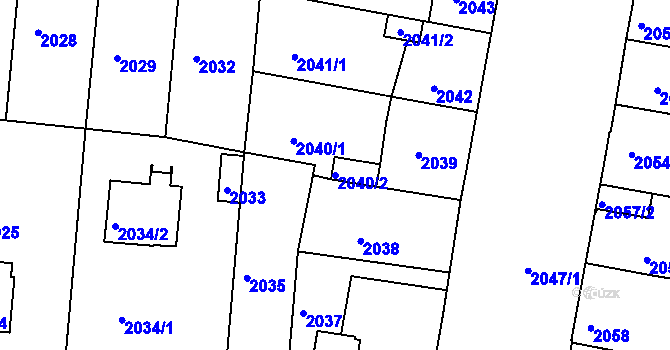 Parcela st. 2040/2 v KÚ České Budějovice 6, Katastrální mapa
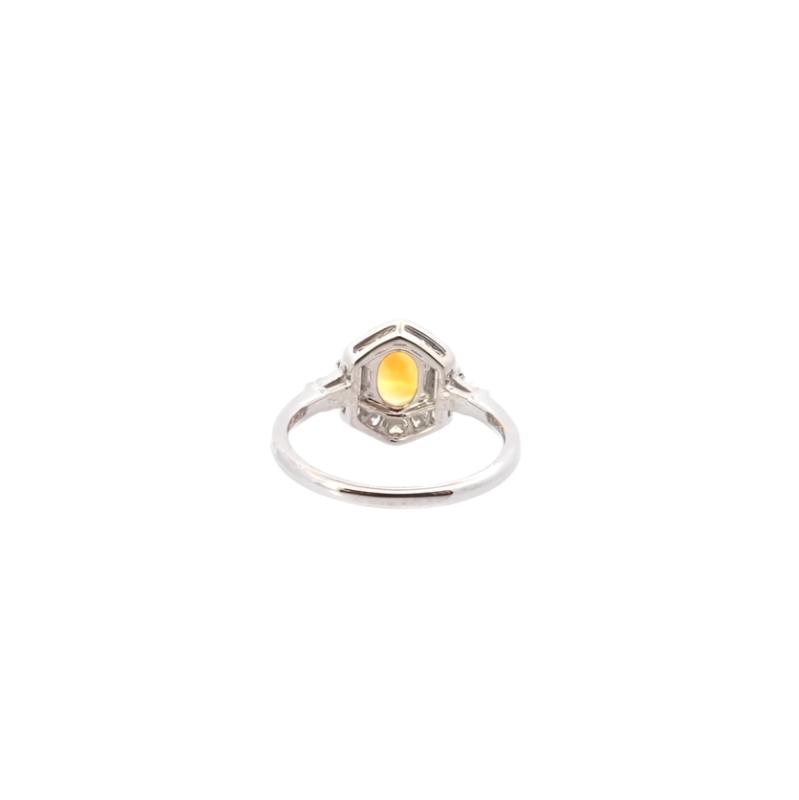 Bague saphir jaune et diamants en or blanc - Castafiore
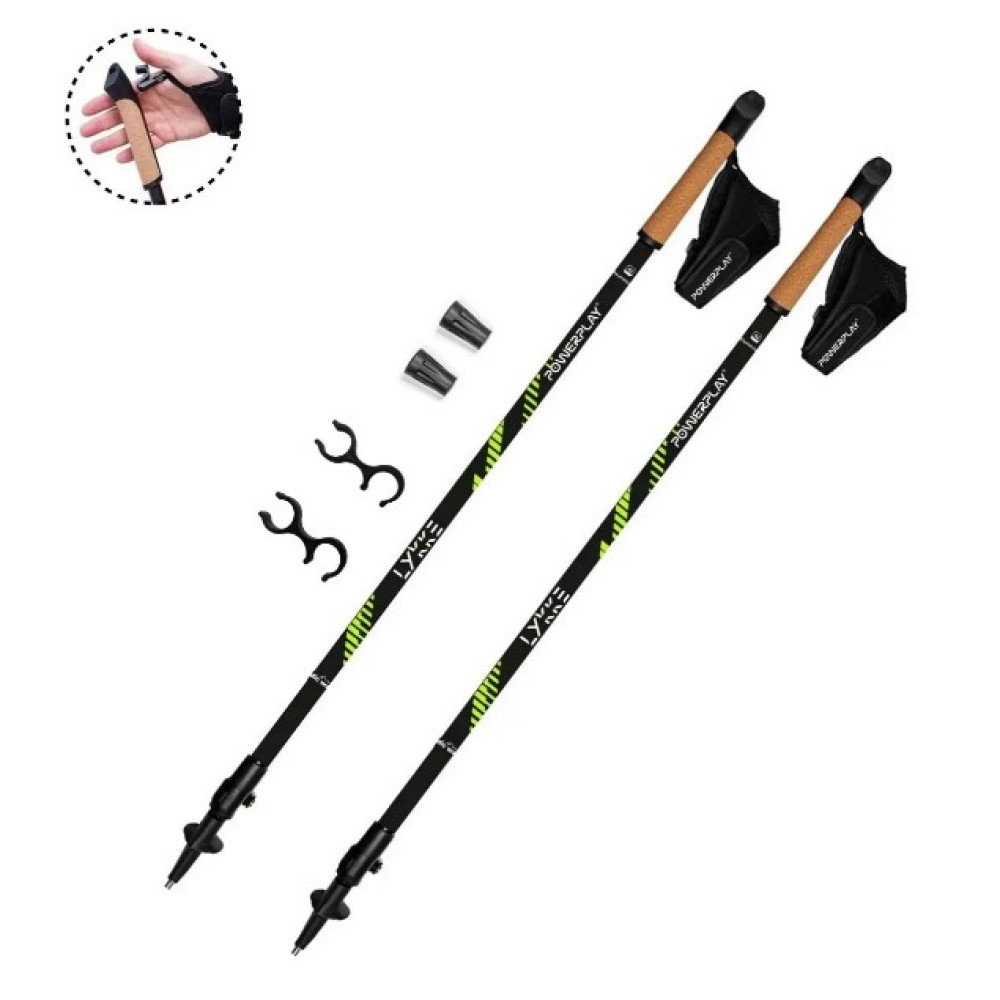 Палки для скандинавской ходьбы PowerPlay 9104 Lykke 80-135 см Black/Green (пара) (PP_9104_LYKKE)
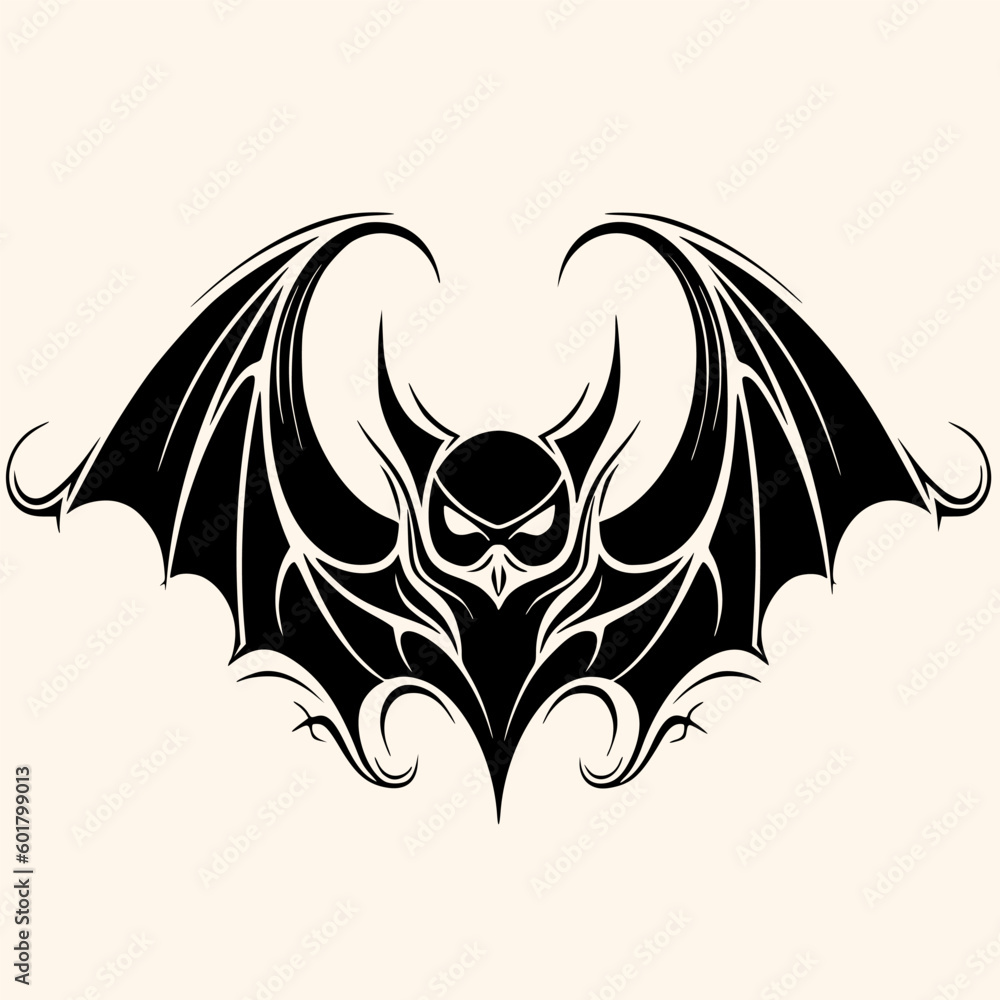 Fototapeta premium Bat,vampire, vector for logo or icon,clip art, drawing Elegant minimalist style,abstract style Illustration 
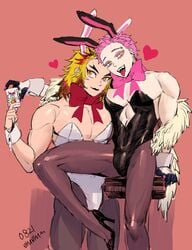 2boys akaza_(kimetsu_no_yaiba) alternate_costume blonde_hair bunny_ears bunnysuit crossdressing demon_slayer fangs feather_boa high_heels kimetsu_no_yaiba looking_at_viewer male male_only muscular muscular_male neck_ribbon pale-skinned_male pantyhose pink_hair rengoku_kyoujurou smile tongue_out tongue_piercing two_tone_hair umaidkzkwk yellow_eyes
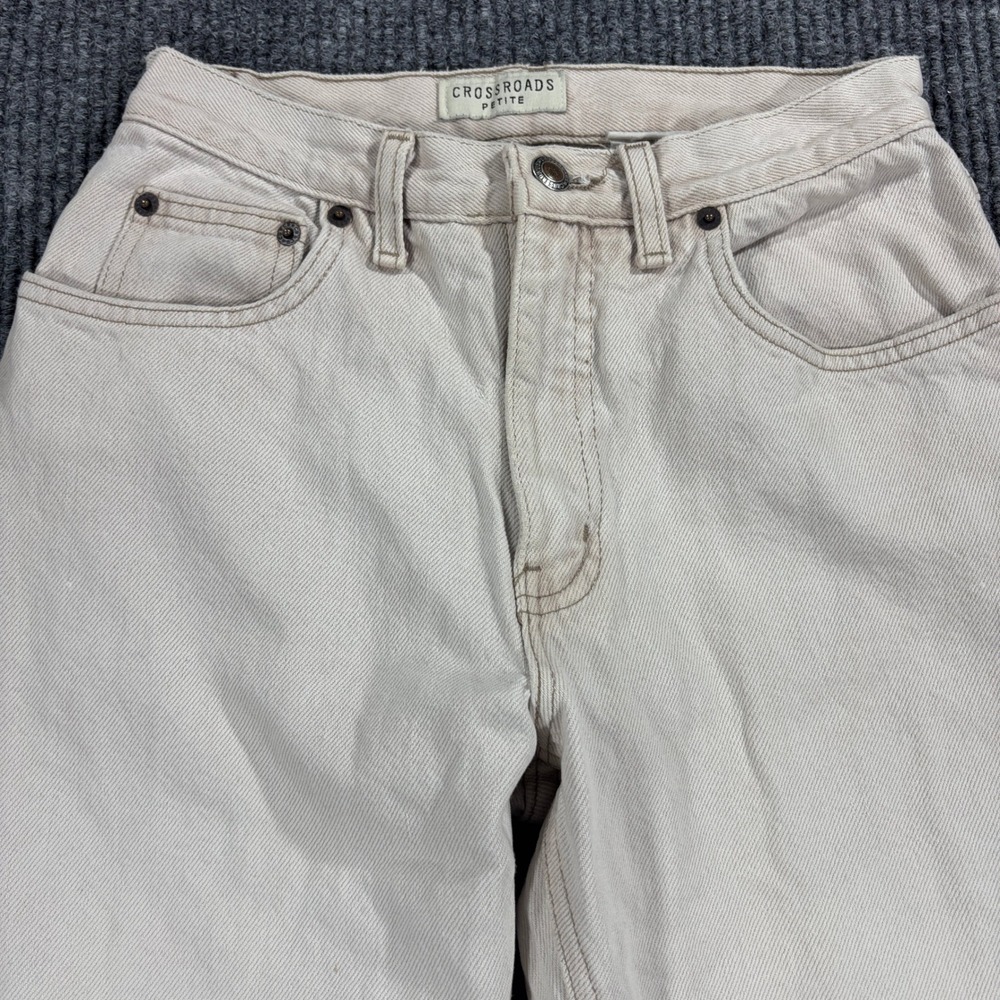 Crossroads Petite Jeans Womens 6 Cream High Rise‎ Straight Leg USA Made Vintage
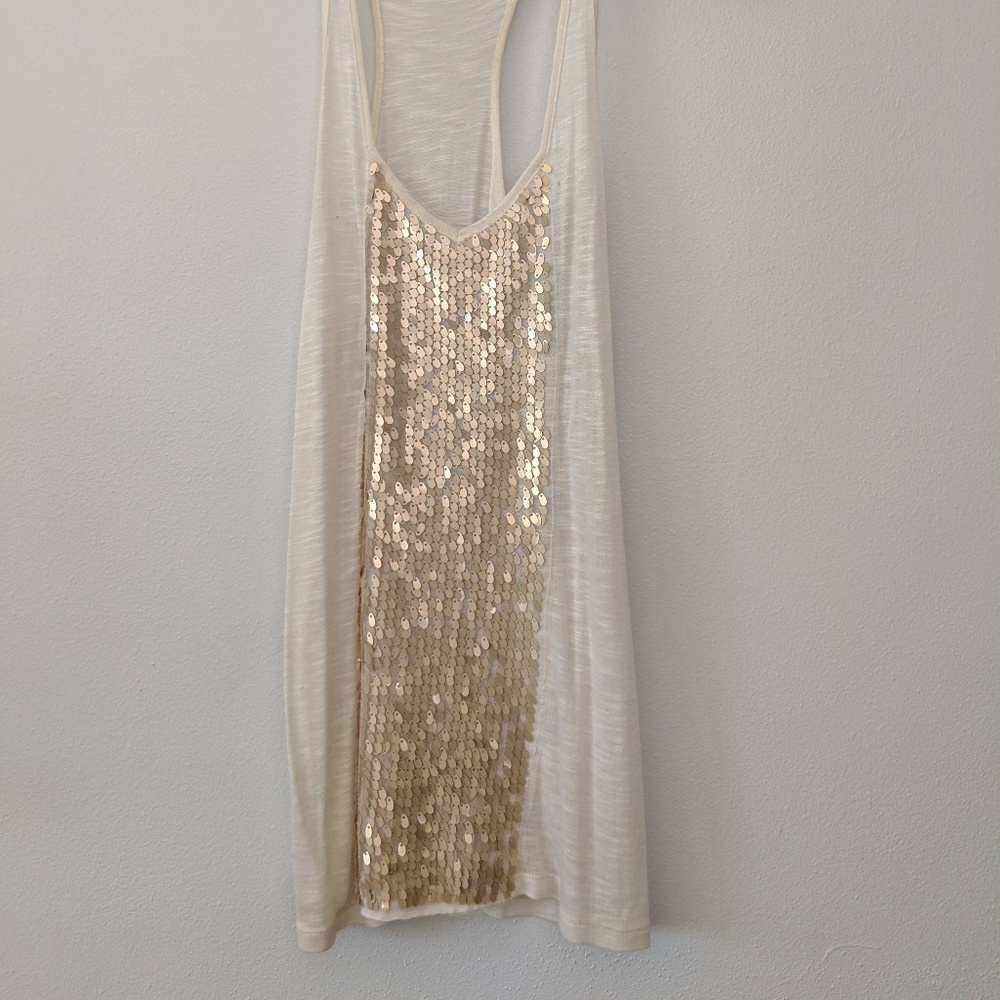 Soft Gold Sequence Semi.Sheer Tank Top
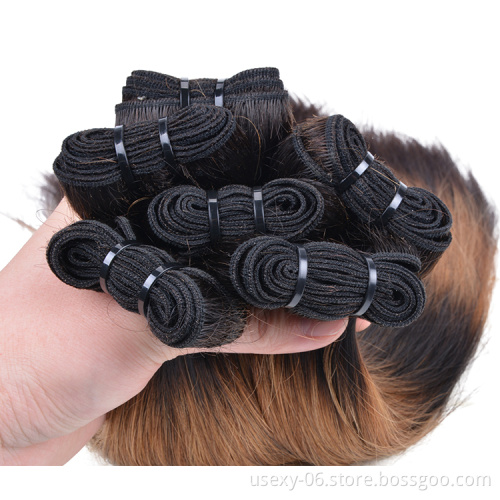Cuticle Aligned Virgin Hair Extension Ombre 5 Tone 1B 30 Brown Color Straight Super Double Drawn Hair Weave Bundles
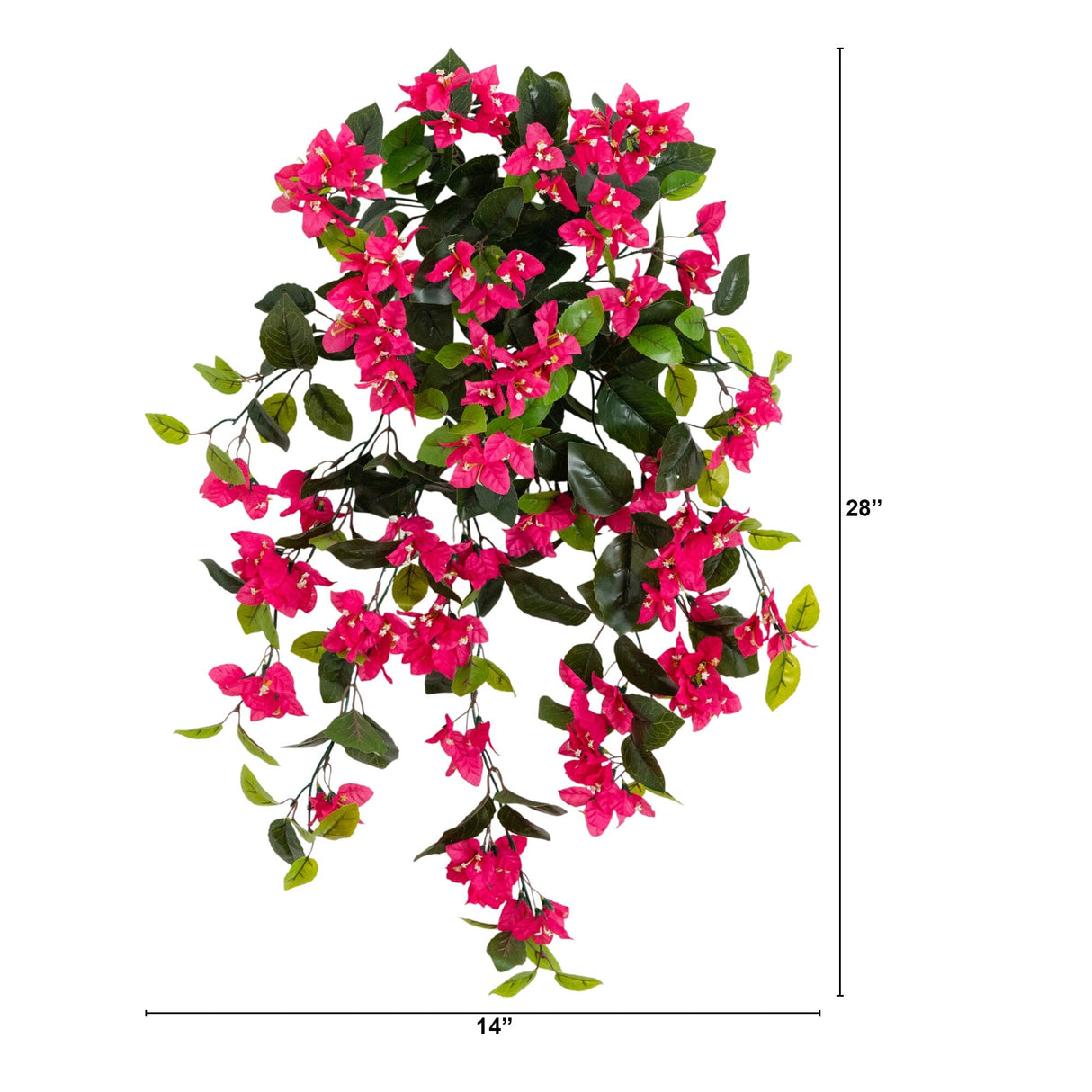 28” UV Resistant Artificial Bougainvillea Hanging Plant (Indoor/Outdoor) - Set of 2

■ What you will do:
Copy the whole listing above word for word but do not carry over the pictures.

■ Response area:
 Parcela st. 2040/2 v KÚ České Budějovice 6, Katastrální mapa
 Bague saphir jaune et diamants en or blanc - Castafiore
 Палки для скандинавской ходьбы PowerPlay 9104 Lykke 80-135 см Black/Green (пара) (PP_9104_LYKKE)
 Fototapeta premium Bat,vampire, vector for logo or icon,clip art, drawing Elegant minimalist style,abstract style Illustration 
 2boys akaza_(kimetsu_no_yaiba) alternate_costume blonde_hair bunny_ears bunnysuit crossdressing demon_slayer fangs feather_boa high_heels kimetsu_no_yaiba looking_at_viewer male male_only muscular muscular_male neck_ribbon pale-skinned_male pantyhose pink_hair rengoku_kyoujurou smile tongue_out tongue_piercing two_tone_hair umaidkzkwk yellow_eyes
 Crossroads Petite Jeans Womens 6 Cream High Rise‎ Straight Leg USA Made Vintage
 Soft Gold Sequence Semi.Sheer Tank Top
Cuticle Aligned Virgin Hair Extension Ombre 5 Tone 1B 30 Brown Color Straight Super Double Drawn Hair Weave Bundles
 28” UV Resistant Artificial Bougainvillea Hanging Plant (Indoor/Outdoor) - Set of 2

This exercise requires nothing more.